Heda hesitates to sign the application for the Communist Party. She dislikes the party’s meetings, politics, and crowds. She wants to have a baby, to work, and to study; she wants to enjoy her life. She does like the term “comrade,” however, as it suggests a union of people that transcends language and country. She dislikes Stalin, but she is hopeful that communism in Czechoslovakia can bring positive change, and she eventually signs her application.

Heda soon finds out that many members of the Communist Party are not members of the working class, but rich and successful businessmen. Heda becomes increasingly distrustful of the party, believing that power and fear are forces for corruption. In a communist society, the loss of power does not mean “a step down the social ladder to a former position, but a fall far below it” (71).

Heda is haunted by her experiences during the war and by sad memories, but she receives a job with a publishing house as an art editor. Now she and Rudolf are both hard at work. Soon Heda is pregnant, and although she wants to enroll in school, her doctor tells her to avoid stress. When she gives birth to her son, it is “the most beautiful moment” of her life (73), and Heda has a vision of her mother and grandmother by her bedside. After her son’s arrival, she retreats into a private life, working at home and tending to her baby. In 1948, on an errand to her workplace, she witnesses a large demonstration. Her boss tells her, “Today, our democracy is dying” (74). She hears the voice of Klement Gottwald, the general secretary of Czechoslovakia’s Communist Party, on the loudspeaker.

Chapter 9 Summary

Heda muses on springtime, which is a “time of remembrance” (75) for her. She recalls springtime in the village of Hut when her grandfather spent countless hours outdoors tending the garden. She remembers springtime in the Lodz Ghetto. Although nothing grew there, sometimes she would catch the smell of spring on the breeze. In Lodz, her father chose to do strenuous work in the fields outside the ghetto’s walls. She realizes, in retrospect, that he chose this job so that he could experience the season.

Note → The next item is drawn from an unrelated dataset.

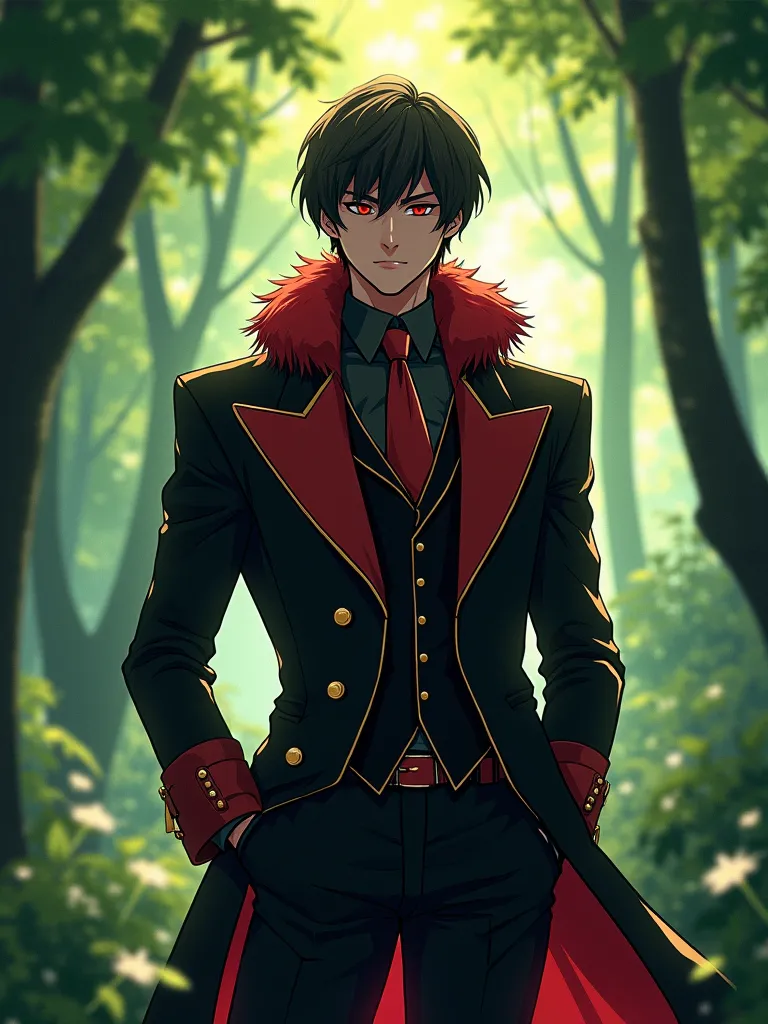  wears a black and red suit with gold details and a fur collar. The setting is a lush forest anime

In the spring of 1948, less than a month after the communist coup, Foreign Minister Jan Masaryk dies. He was a popular leader who supported the Czech people even while in exile during the Nazi Occupation. The official report claims that he committed suicide by jumping out of a window, but few people accept this explanation. Instead, most believe he was murdered.

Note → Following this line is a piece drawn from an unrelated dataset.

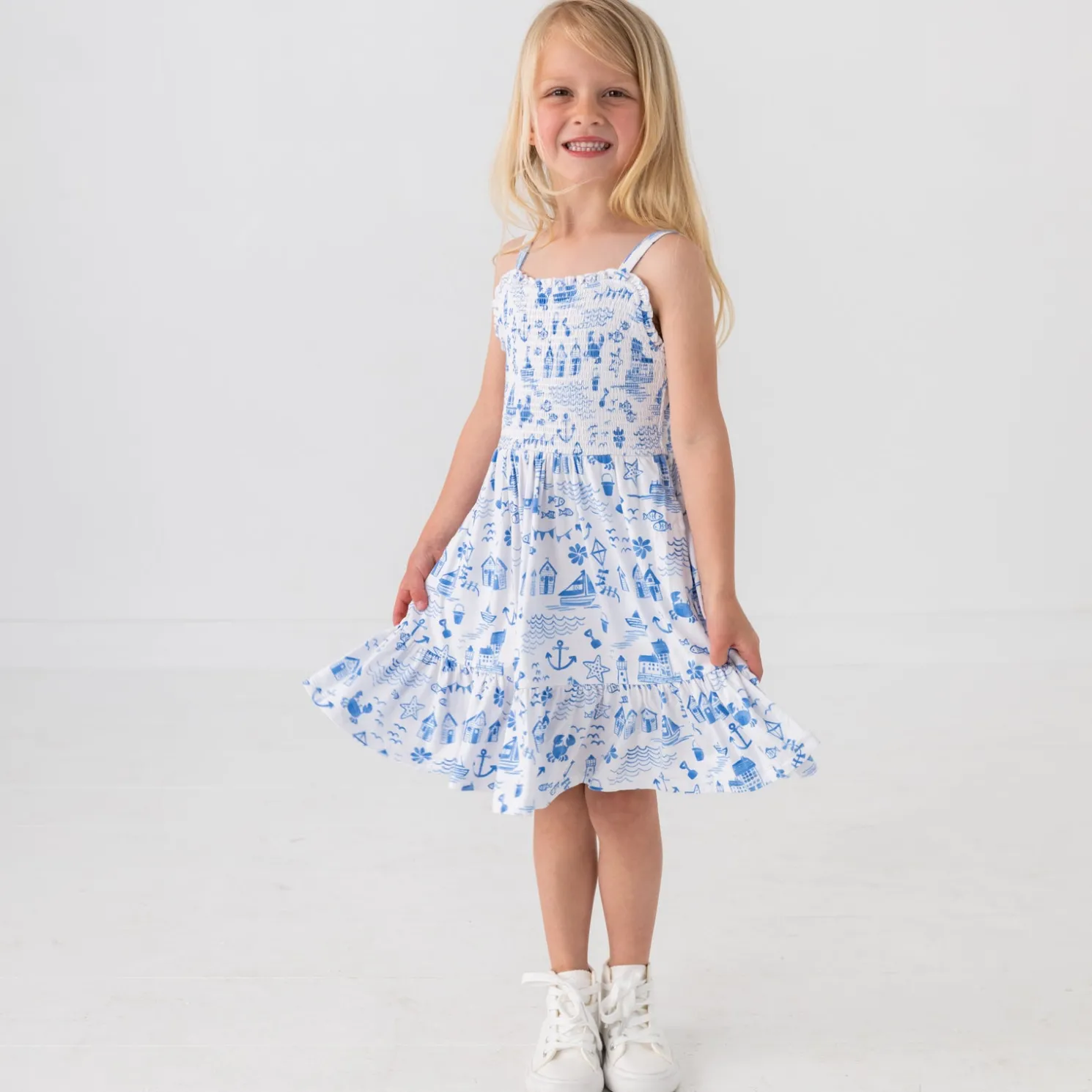 Tidal Treasures Smocked Tank Dress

A few months later, Rudolf is offered the cabinet chief position in the Ministry of Foreign Trade. Heda is fearful for her country and for her husband’s life. When Rudolf turns down the job, his refusal is not accepted, and he is forced to choose between taking the position or leaving the Communist Party. Rudolf is convinced that he must take on this responsibility, and he tries to persuade Heda to think similarly. Heda is doubtful that meaningful and positive change will occur from communist influence: “How could we have been so credulous? So ignorant? It seems that once you decide to believe, your faith becomes more precious than truth, more real than reality” (80).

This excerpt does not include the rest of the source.